Vaughan gets $2.3M for its schools after tax policy change
Is it good news for schools?
Yorkregion.com
Sept. 5, 2019
Dina Al-Shibeeb
The decision to halve the discount on excess and vacant land for both commercial and industrial businesses is bringing some extra money for schools in Vaughan.
Like other municipalities that have applied the provincially determined tax rate to property values (including businesses) to determine the amount of education taxes payable, this past June Vaughan changed a policy initiated in 1998.
For more than two decades, owners of vacant and excess commercial and industrial properties in Vaughan had 30 and 35 per cent discounts, respectively. Now, it’s halved.
Almos Tassonyi, a research associate with the International Property Tax Institute, says this won’t be a “big increase” for education funding in Vaughan, but might affect some landowners “very specifically.”
When asked if this means more money for schools, the city’s financial services department told the Vaughan Citizen, “Yes, technically these subclasses will be paying more education tax,” citing the increase in levy to 2019 is not necessarily due to any change in tax policy but “by growth (of) the number of properties.”
So far, Ontario's finance ministry is “phasing out the education portion of the vacancy programs” to “ensure the education portion of the vacancy programs is consistent with municipal tax decisions.”
“As a result of the phase-out, the change in the vacant and excess land reduction for York Region is estimated at $4.5 million in 2019, of which $2.3 million relates to the City of Vaughan,” said Scott Blodgett, spokesperson for Ontario's finance ministry.
The reason behind Vaughan’s lion’s share is because “half of York Region’s commercial and industrial properties are located in Vaughan.”
Vaughan isn’t alone.
So far, municipalities who have “implemented these changes,” represent more than three-quarters of all business properties in Ontario.
Policy to raise revenue ‘quietly’
Tassonyi, who says cities such as Toronto and London, for example, have long tried to reduce these discounts, interprets the policy as a way to “increase revenue in a quiet, small way.”
After all, up to $11 million was collected in 2018 for education from vacant and excess land in the commercial, industrial class from the approximate $300-million budget coming from property tax.
“One of the major policy rationales is that if you have a vacant property, rent it, or if you have excess land, use it, and the other is that taxpayers have been subsidizing those landowners and holdings,” said Tassonyi, who is also an adjunct lecturer with the geography and planning department at the University of Toronto.
“This issue has been kicking around for quite a long time in the sense as to whether there is merit to maintain this discounting of the education tax rate for vacant and excess land.”
“The argument against is reasonably strong,” he continued. “The assessed values of properties are affected by the extent to which they are vacant, and there isn't a strong need for provincial education finances to subsidize the holding of excess land.”
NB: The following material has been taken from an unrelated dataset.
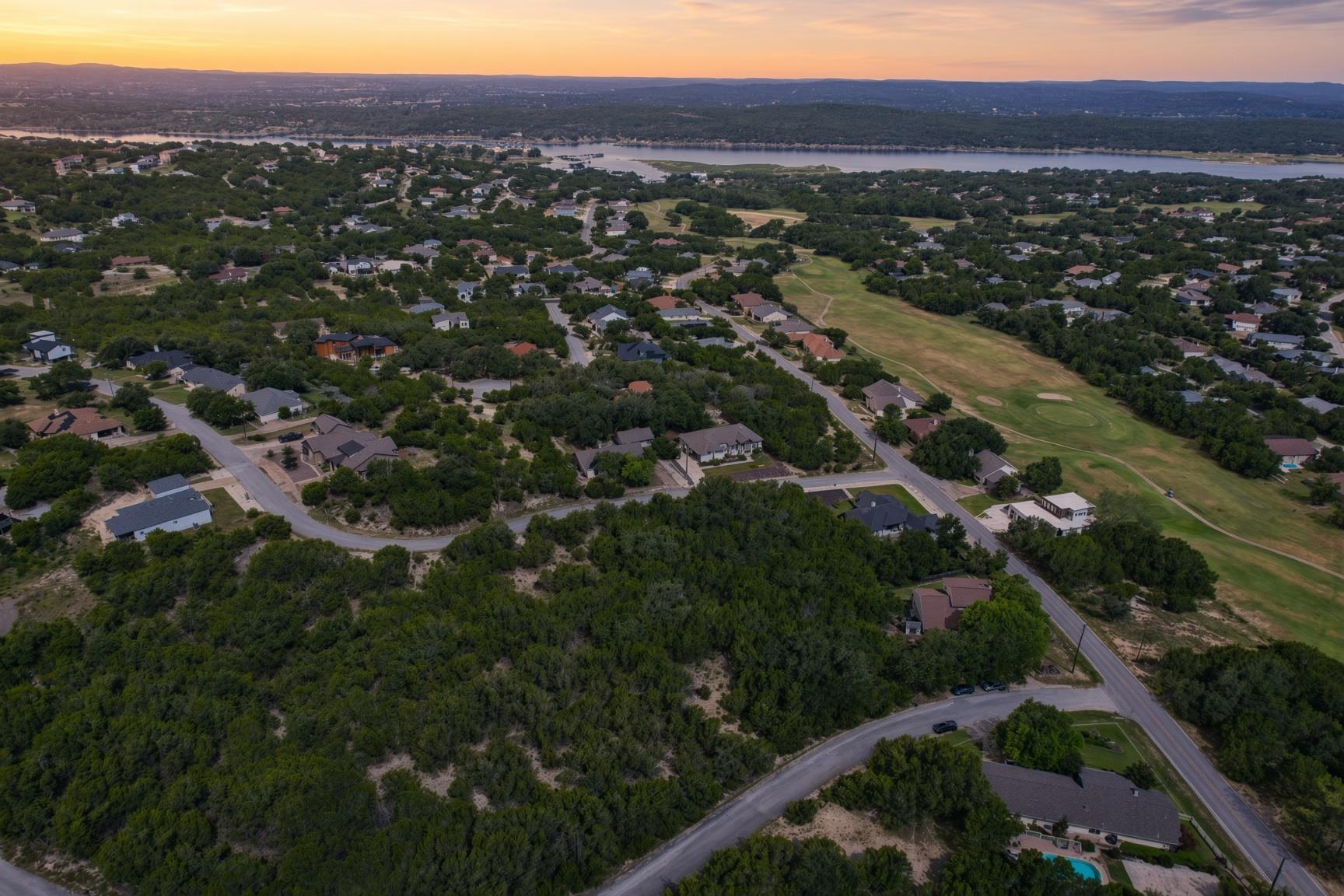 3806 Cedar GLN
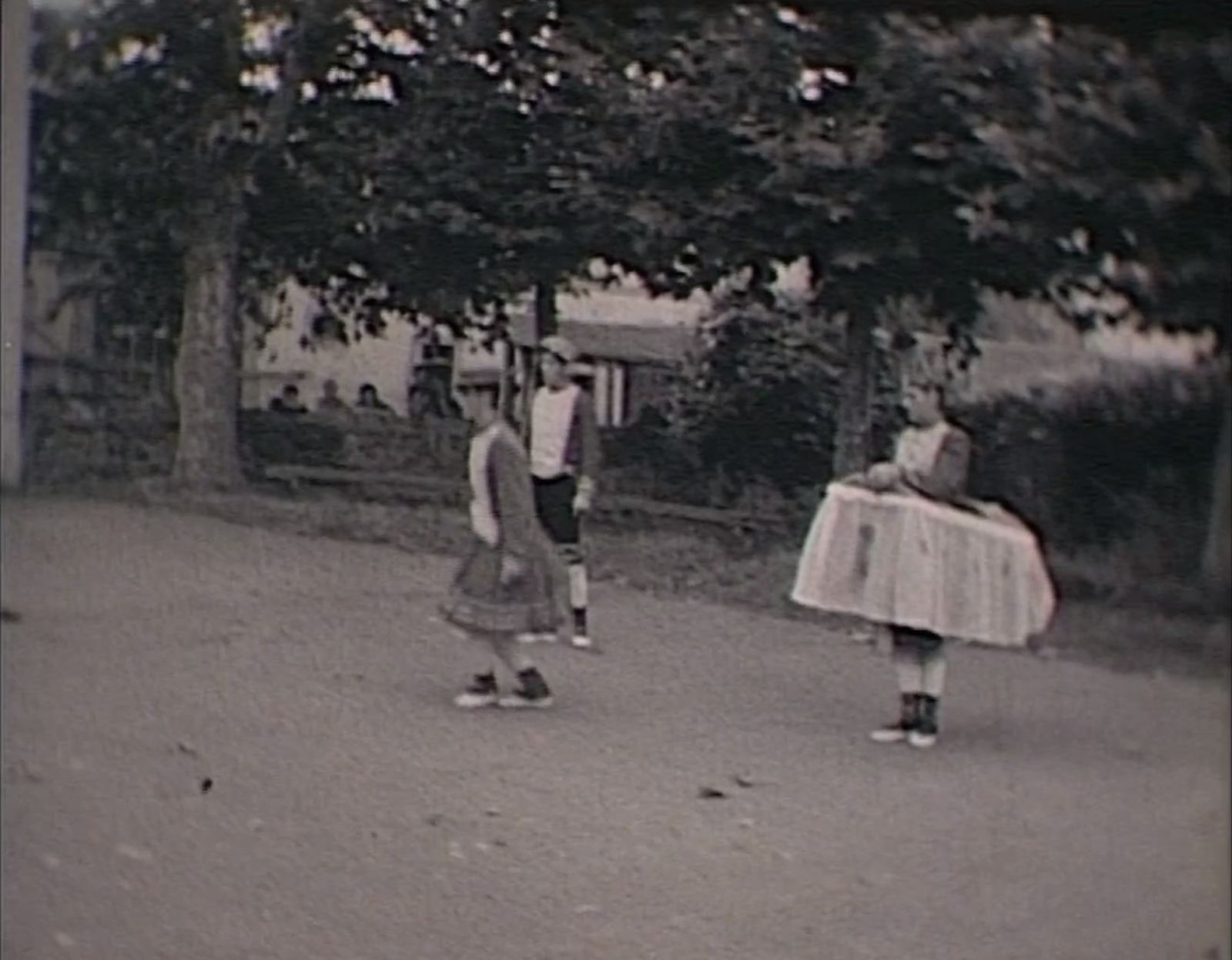 Guilcher 04 Iruri 1963 Maskaradetako dantzak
Blodgett, meanwhile, said “after accounting for this change and adjustments related to the phase-in of assessment increases, the 2019 commercial (business education tax) BET rate for York Region was decreased by 3.6 per cent and the industrial BET rate by 5.5 per cent from 2018.”
To explain this, Tassonyi said, “as the size of the assessment base grows in any particular municipality, rate reductions have taken place, the size of which is dependent on the amount of revenue to be raised. That is to say, if revenue neutrality is to be maintained, the rates will be reduced sufficiently to offset the average rate of growth of the whole assessment base.”